(GIVEN INFORMATION)
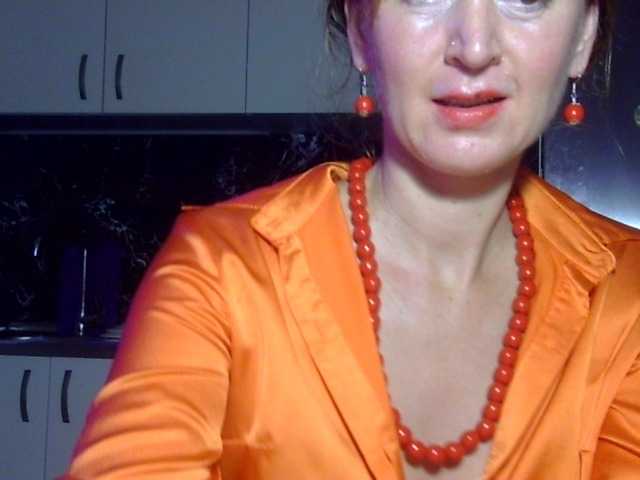 ErnaBernice live webcam show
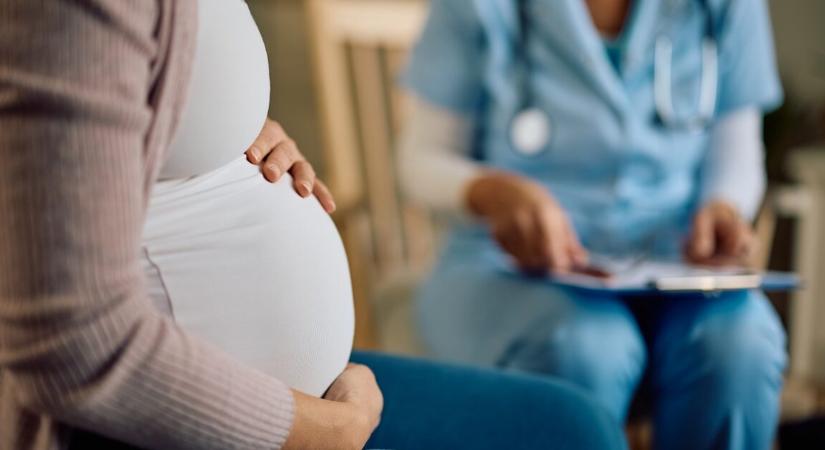 Egészen döbbenetes dolgot közöltek a várandós anyával, aki rögtön pánikrohamot kapott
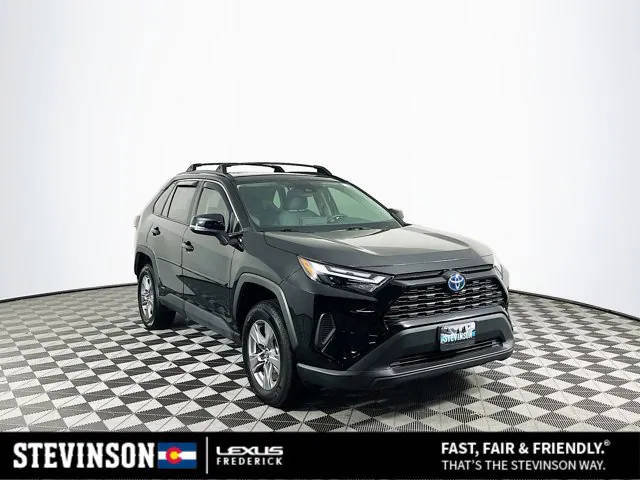 2022 Toyota RAV4 Hybrid XLE AWD photo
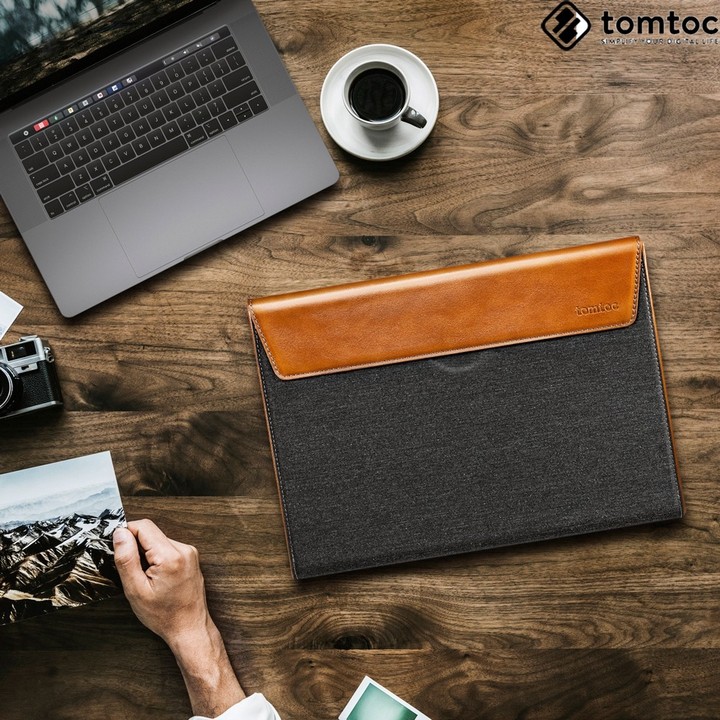[Chính Hãng] Túi Chống Sốc TOMTOC Premium Leather Cho Macbook Pro 15 New H15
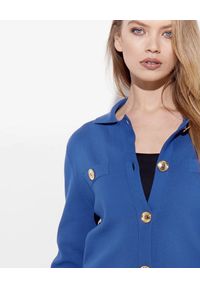 MOSCHINO - Niebieski płaszcz z logowanymi guzikami. Kolor: niebieski. Materiał: bawełna, materiał. Długość: długie #3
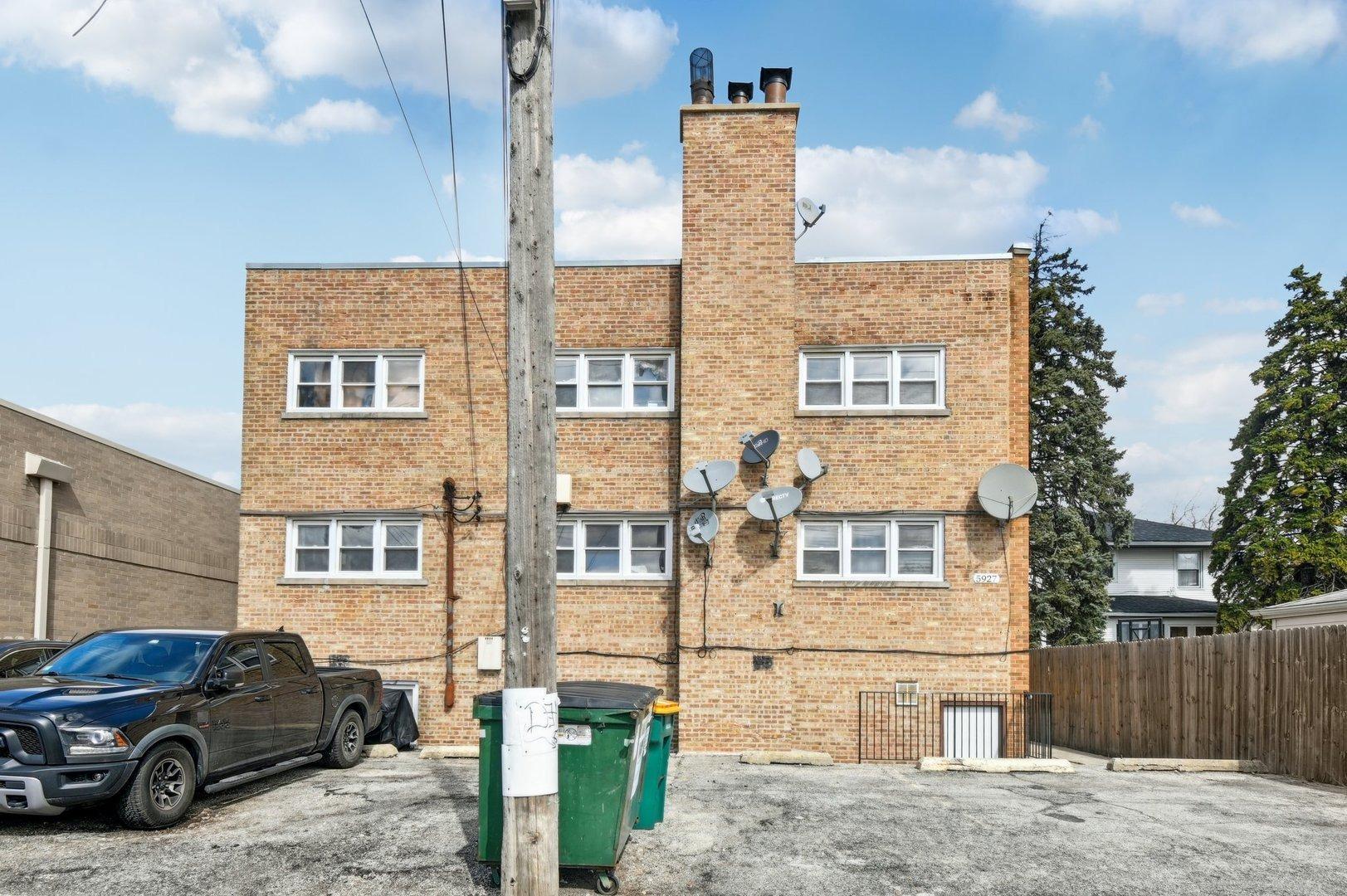 W Addison St, Chicago, IL 60634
(End GIVEN INFORMATION)
== WHAT TO WORK ON ==
The data above is to be printed exactly, all of it, except for the pictures.

== TASK SOLUTION ==
 ErnaBernice live webcam show
 Egészen döbbenetes dolgot közöltek a várandós anyával, aki rögtön pánikrohamot kapott
 2022 Toyota RAV4 Hybrid XLE AWD photo
[Chính Hãng] Túi Chống Sốc TOMTOC Premium Leather Cho Macbook Pro 15 New H15
 MOSCHINO - Niebieski płaszcz z logowanymi guzikami. Kolor: niebieski. Materiał: bawełna, materiał. Długość: długie #3
 W Addison St, Chicago, IL 60634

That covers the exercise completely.